Be wary and not to disclose the name of your customer ... - RF Cafe Forums

RF Cafe Forums closed its virtual doors in late 2012 mainly due to other social media platforms dominating public commenting venues. RF Cafe Forums began sometime around August of 2003 and was quite well-attended for many years. By 2012, Facebook and Twitter were overwhelmingly dominating online personal interaction, and RF Cafe Forums activity dropped off precipitously. Regardless, there are still lots of great posts in the archive that ware worth looking at. Below are the old forum threads, including responses to the original posts. Here is the full original RF Cafe Forums on Archive.org

-- Amateur Radio

-- Anecdotes, Gripes, & Humor

-- Antennas

-- CAE, CAD, & Software

-- Circuits & Components

-- Employment & Interviews

-- Miscellany

-- Swap Shop

-- Systems

-- Test & Measurement

-- Webmaster


 Post subject: Be wary and not to disclose the name of your customer ...
Posted: Tue Apr 29, 2008 2:05 pm 
 
Lieutenant
User avatar

Joined: Tue Jun 21, 2005 3:50 pm
Posts: 4
to sale rep & manufacturer's sale manager especially if you're dealing with RFMD Sale group in Torrance, Southern Cal & their distributor Innovation Sales (the Sirenza line). We do product qualification for Space & Mil industries. In one particular job recently, we help to set up spec for burned in, life & electrical test for a potential customer to provide them about 2000 parts annually. I ask for a sample board for a RFMD's particular product to correlate our test fixture to their. The Sale Mgr & their rep came to our office to "help" us out. They asked very detail about my requirements and my customer. The idea that they might steal from us did cross my mind then but I thought the quantity of parts is very small to their size so I don't think they wouldn't stoop this low. After delivering the sample board, they disappear and fail to follow up.
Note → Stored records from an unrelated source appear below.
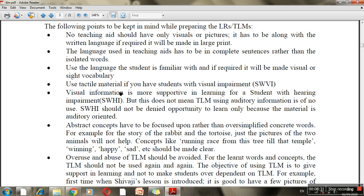Use tactile materials for classes which have visually impaired children — try to ensure that teaching-learning materials can be explored through the sense of touch. Visual information is more supportive for students with hearing impairment, so visual charts are more helpful for those children. But that doesn't mean auditory information is of no use — audio can be used for those who are auditorily oriented.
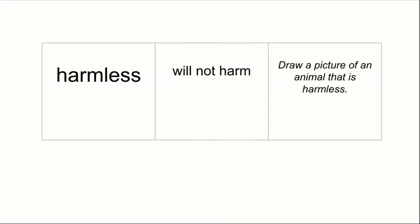The next word going on our vocabulary table is harmless. Harmless means will not harm. There are a lot of things that are harmless, including some animals. I want you to draw a picture of an animal that is harmless to remind you that harmless means will not harm. Say harmless — harmless. Now stop the video and complete this work in your reader's notebook.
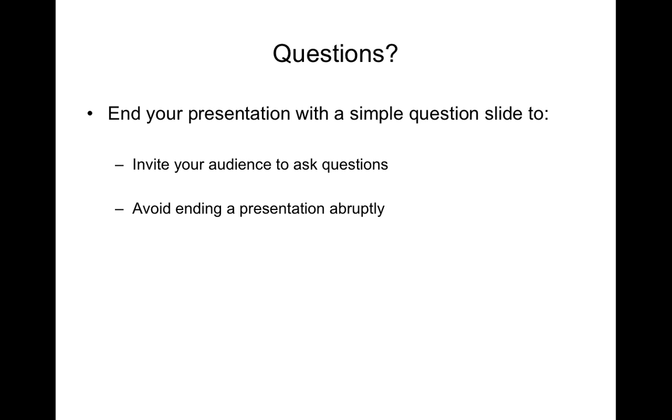It's also nice sometimes to end your presentation, not just with the conclusion slide or a list of references cited, although this is important, but to invite questions from your audience. And this can just be a simple slide with the word questions on it. In this way you invite your audience to formulate and ask questions and it's a nicer way to round off your presentation.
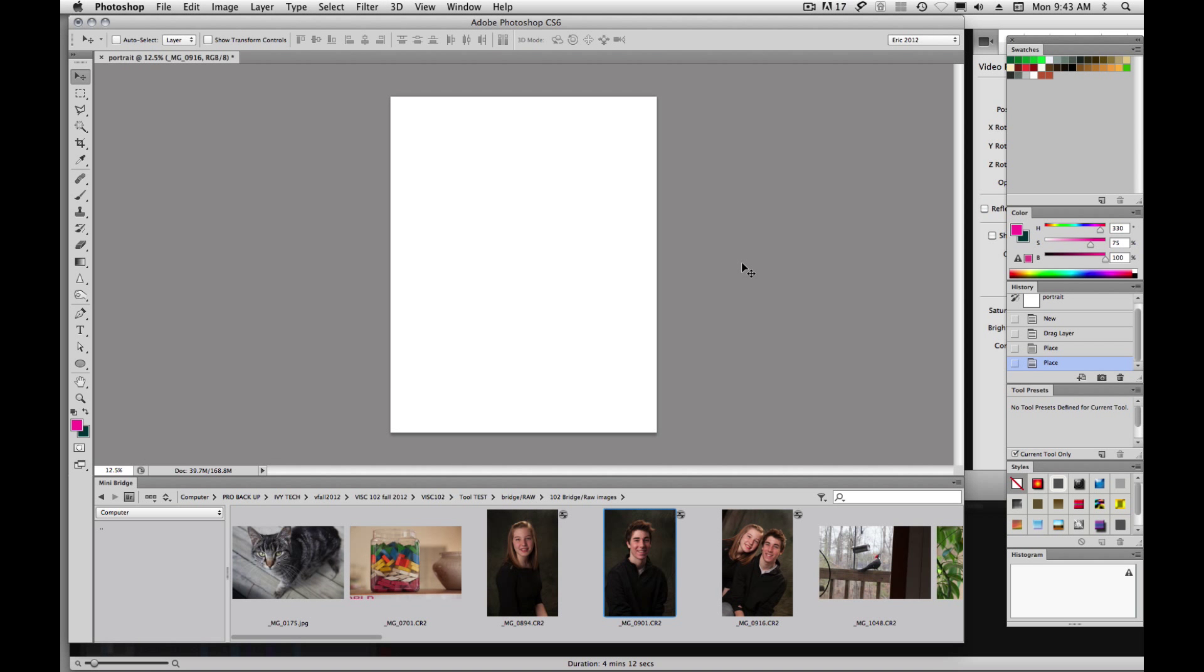All right, welcome back. In this video tutorial, I'm going to just touch on some of the tools in Photoshop, just kind of explain a few things about the tools to help you out a little bit.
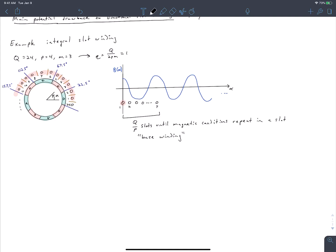For an integral slot winding, the base winding length is always q times p slots. Because there are always q slots within each phase zone and q is an integer, our winding must repeat itself after one pole pair. This is different for a fractional slot winding, because q is no longer an integer — it's some fraction. Therefore the magnetic conditions in our slots will not necessarily repeat themselves after a single pole pair.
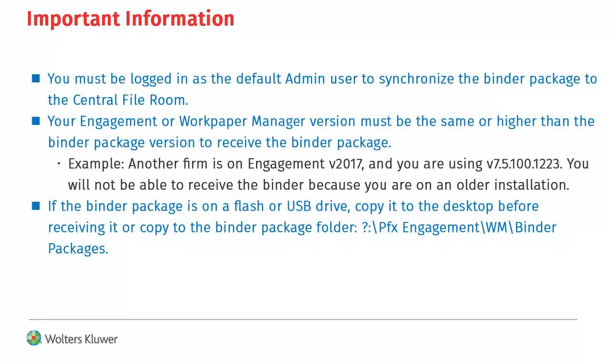To synchronize the binder package to the central file room, you must be logged in as the default admin user. When receiving the binder package, your engagement version must be the same or higher than the binder package being received.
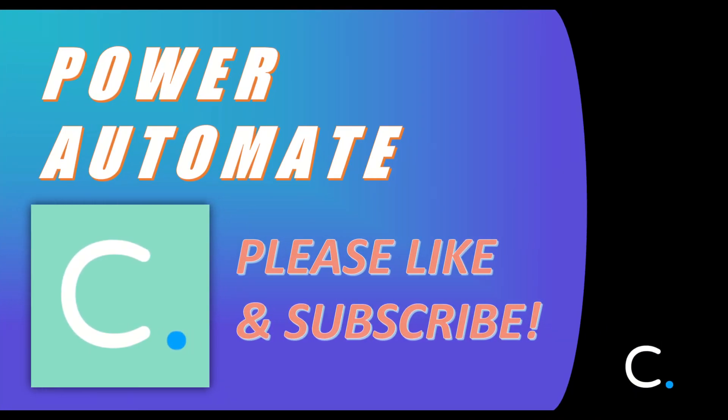With the demonstration complete, we've reached the end of this video. If you found this video helpful, please feel free to subscribe to our channel and check out dozens of additional Power Automate demonstration videos.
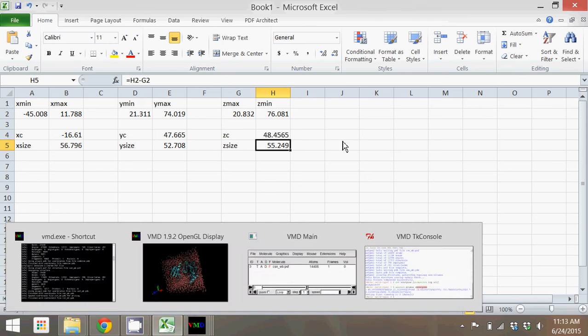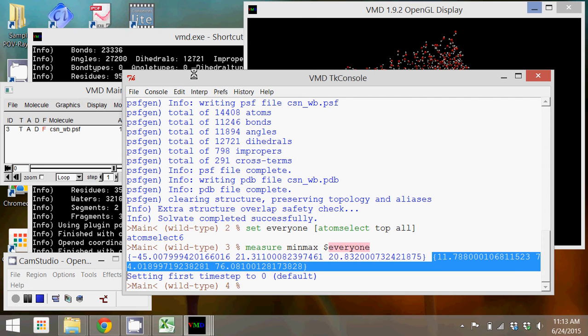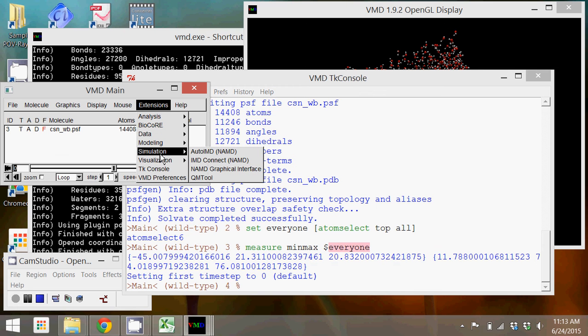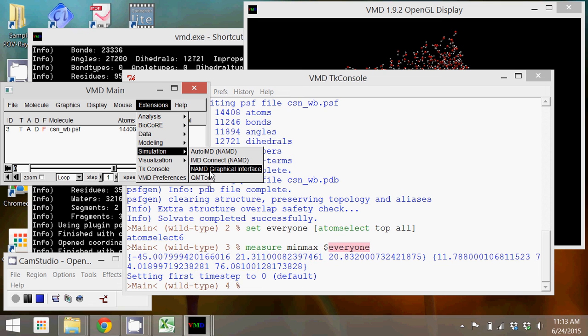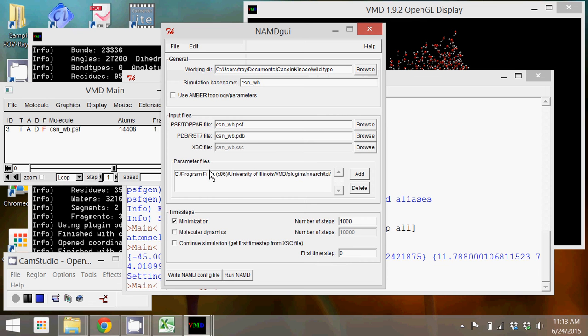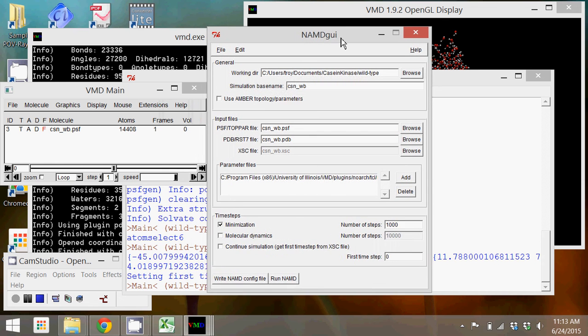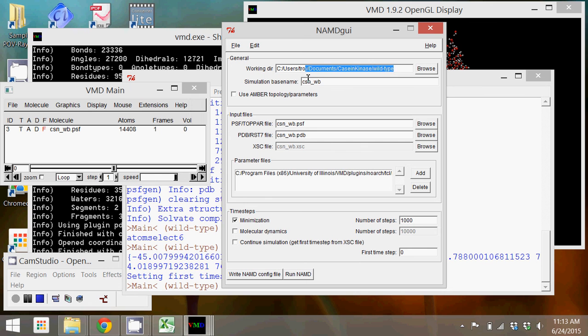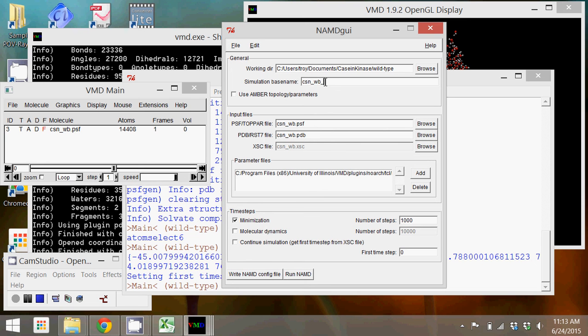Once we have those, we're going to go back into VMD, and we're going to go into the extensions menu, and under simulation, we're going to open the NAMD graphical interface. It puts us in our directory that we've already changed to in the console. I'm going to add to this not only the waterbox, but I'm going to add an MD for molecular dynamics to the simulation base name.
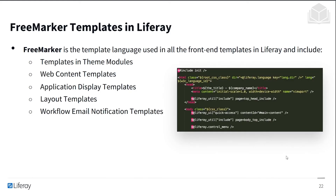FreeMarker is a template language used in almost all the front-end templates in Liferay. These include templates in theme modules, web content templates, application display templates, layout templates, and workflow email notification templates. It's very similar to HTML, but it's a templating language that makes it easy to convert content into something viewable in the UI. On the right, you can see a code snippet of what a FreeMarker template might look like.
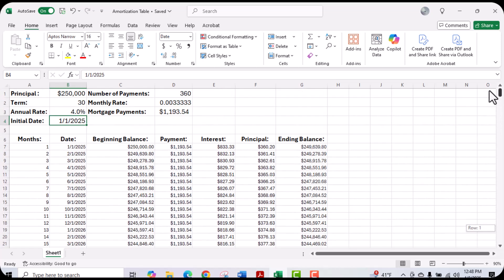I hope you found this helpful. This is the process for building a loan amortization schedule. If you did find this helpful, please like the video and subscribe so you can see any future videos we may be posting. Thank you and enjoy the rest of your day. Take care. Bye-bye.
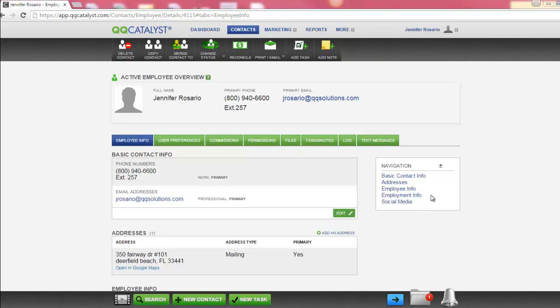If you need to edit a user's permission, you will need to search for the user's employee contact. In the Employee Overview, you will select the Permissions tab.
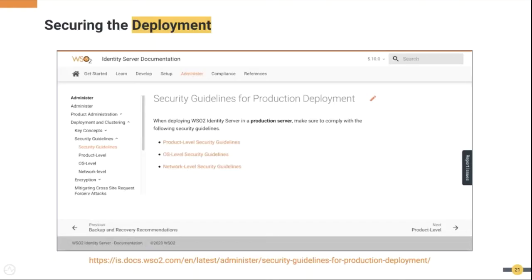After the release, customers will deploy these in their environments. We can't just forget about security after releasing — we have to care about security of customer deployments. That's why we have well-defined public security guideline documents that discuss security measures needed to ensure product-level security, OS-level security, and network-level security. At the product level, this includes changing the default keystore, changing the default admin credentials, strengthening TLS communication, choosing stronger ciphers, and defense-in-depth mechanisms where you do security hardening in the OS and at the network level. We have clearly defined this to help customers ensure the security of their deployment.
It's very odd I thought because I never met a rep not to follow up. Later I found out, my customer have gone to them. Very unethical. I'm tagging their business cards on my wall to remind me their names & my lesson.


 
   
 
 Post subject:
Posted: Wed Apr 30, 2008 8:56 pm 
 
General
User avatar

Joined: Wed Aug 20, 2003 11:47 am
Posts: 84
Location: Santa Barbara, CA
Ouch! In the sixty's the mantra was "Don't trust anyone over 30". I would bet that these sales guys were all over 30. :roll: (I am waaayyy over 30, btw)

Seriously, I think that customer information should always be treated as confidential. This is especially true if you don't have any sort of contract binding them to you.